For the purposes of this documentation, we will focus on accessing ACS 5-year estimates.

Understanding ACS Tables

For the scope of this project, we will be focusing on the following table codes. You can find more documentation around ACS table codes here.

ACS Demographic and Housing Characteristics [DP05]

Questions regarding race/ethnicity

The DP05 table provides detailed information on population estimates by race and ethnicity. The data profile (DP) tables provide a lot of popular statistics across subjects - in this case, demographic and housing characteristics - in a single table. We are particularly interested in counts and percentages of various racial and ethnic groups in a given area. The US Census defines race here as a subset based on responses to the race or Hispanic/Latino-origin questions.

These provide the following possible categories:

Table Codes Race/Ethnicity Label
A White alone
B Black or African American Alone
C American Indian and Alaska Native Alone
D Asian Alone
E Native Hawaiian and Other Pacific Islander Alone
F Some Other Race Alone
G Two or More Races
H White Alone, Not Hispanic or Latino
I Hispanic or Latino

Out of these nine groups, we consistently focus on the following six across all variables when stratifying by race/ethnicity, which helps prevent overlap in our race/ethnicity categories:

B. Black or African American Alone

C. American Indian and Alaska Native Alone

D. Asian Alone

E. Native Hawaiian and Other Pacific Islander Alone

H. White Alone, Not Hispanic or Latino

I. Hispanic or Latino

Sex by Age [B01001A-I tables]

The B01001 table provides sex by age - these are the estimated counts of men and women in age buckets, mostly of five years (e.g. 25 to 29 years, 30 to 34 years). We focus on this table to get race and ethnicity (%) estimates of children. Certain age groups - including the later teens and the 60’s - have brackets of differing sizes; there are also columns for just 20-year-olds and for just 21-year-olds.

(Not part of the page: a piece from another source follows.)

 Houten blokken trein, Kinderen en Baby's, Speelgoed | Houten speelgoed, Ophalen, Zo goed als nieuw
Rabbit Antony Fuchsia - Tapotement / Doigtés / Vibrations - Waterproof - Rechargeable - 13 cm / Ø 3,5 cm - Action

The letters A through I provide versions of this table by race and ethnicity, these letter codes follow the same race/ethnicity codes discussed earlier. For example, B01001A provides sex by age for White alone and B01001B provides sex by age for Black or African American alone. Aggregating by sex and age for each of these tables provides the number of children by each race and ethnicity. This can be useful for understanding the demographic composition of children within a community. You can find more detailed information on the table here.

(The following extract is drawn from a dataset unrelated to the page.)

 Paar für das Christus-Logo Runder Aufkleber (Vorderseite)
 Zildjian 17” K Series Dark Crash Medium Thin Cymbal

Questions regarding race/ethnicity

Poverty Status in the Past 12 Months [S1701]

Questions regarding poverty status

The S1701 table provides data on poverty rates, including the number and percentage of individuals and families living below the poverty line. The ACS is the only source for official poverty data down to the community level, making it invaluable as the official poverty measure has direct policy implications, such as the allocation of federal funds to help low income individuals and families at the state and locality levels. The S1701 table provides poverty status in the past 12 months by age, sex, race and ethnicity, educational attainment, employment status, and work experience. The S1702 table provides poverty status in the past 12 months of families. Other tables include B17001 (poverty status in the past 12 months by sex by age), B18131 (age by ratio of income to poverty level in the past 12 months by disability status and type), and B17022 (ratio of income to poverty level in the past 12 months of families by family type by presence of related children under 18 years by age of related children).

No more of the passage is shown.